La Cassazione ha raggiunto questa conclusione (qui potrete trovare la sentenza) sul presupposto che i condizionamenti ambientali di cui venga fatto oggetto, da parte dei superiori gerarchici, un dipendente di livello subordinato debbano essere valorizzati nel senso di diminuire la portata inadempiente, sul piano soggettivo e sotto il profilo oggettivo, della condotta commerciale aggressiva ascritta al lavoratore.
La diffusione in ambito aziendale di una pratica commerciale irregolare per effetto di pressioni realizzate sui venditori da parte dei responsabili di area allo scopo di incrementare il fatturato, in altre parole, non può non incidere sulla valutazione della condotta irregolare che, proprio a seguito di tali condizionamenti ambientali, è stata posta in essere dal dipendente per incrementare il pacchetto di contratti venduti.
È in tale contesto che deve essere effettuato, secondo la Cassazione, il giudizio di proporzionalità tra le iniziative commerciali del venditore e il licenziamento. Senza dimenticare che, ai fini di un meditato bilanciamento tra la gravità dei fatti contestati e la sanzione disciplinare applicata, non è corretto porre sullo stesso piano la condotta dei direttori di area (che delle azioni aggressive si sono fatti promotori) e quella del venditore che, all’interno della catena gerarchica, costituisce l’anello debole.
Considerando che la giusta causa di licenziamento presuppone un inadempimento che impedisce, anche in via provvisoria, la prosecuzione del rapporto e lede in termini irreparabili l’essenziale vincolo fiduciario, la Cassazione ha applicato le circostanze esimenti desunte dal contesto ambientale che hanno influenzato la condotta del venditore. Attraverso questo processo logico, la Suprema corte enfatizza il grado subordinato del dipendente rispetto ai superiori dai quali promanavano le forti pressioni per spingere in modo aggressivo sulla vendita e conferma, fermo il disvalore dell’addebito disciplinare in sé considerato, l’illegittimità del licenziamento.

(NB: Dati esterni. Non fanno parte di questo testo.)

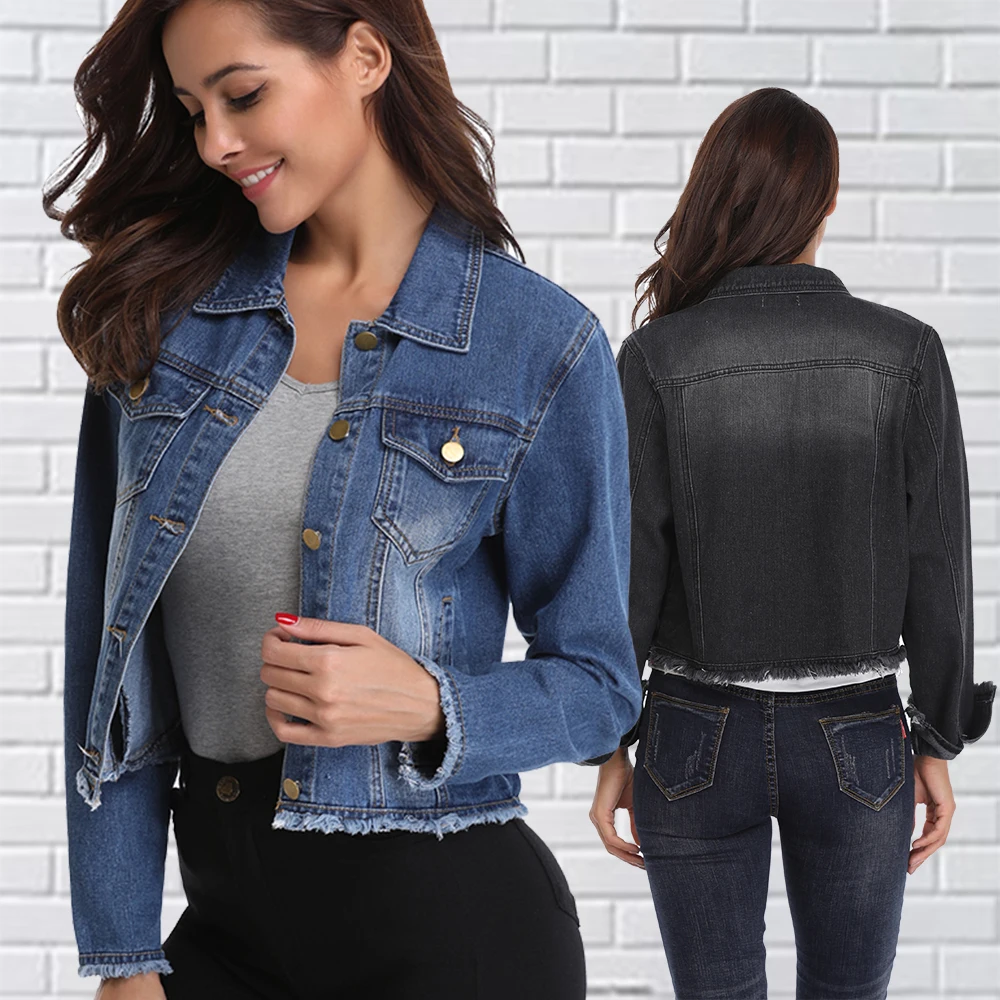 Womens Cotton Denim Jackets Button Up Turn Down Collar Frayed Denim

Il contesto ambientale di diffusa irregolarità nella gestione delle politiche commerciali, all’interno del quale si collocano le azioni spregiudicate di vendita poste in atto dal dipendente, conclude la Suprema corte, ha portata esimente rispetto alla gravità, in sé considerata, dei fatti contestati e comporta l’illegittimità del licenziamento nei confronti del dipendente che si è attenuto alle irregolari pratiche aziendali.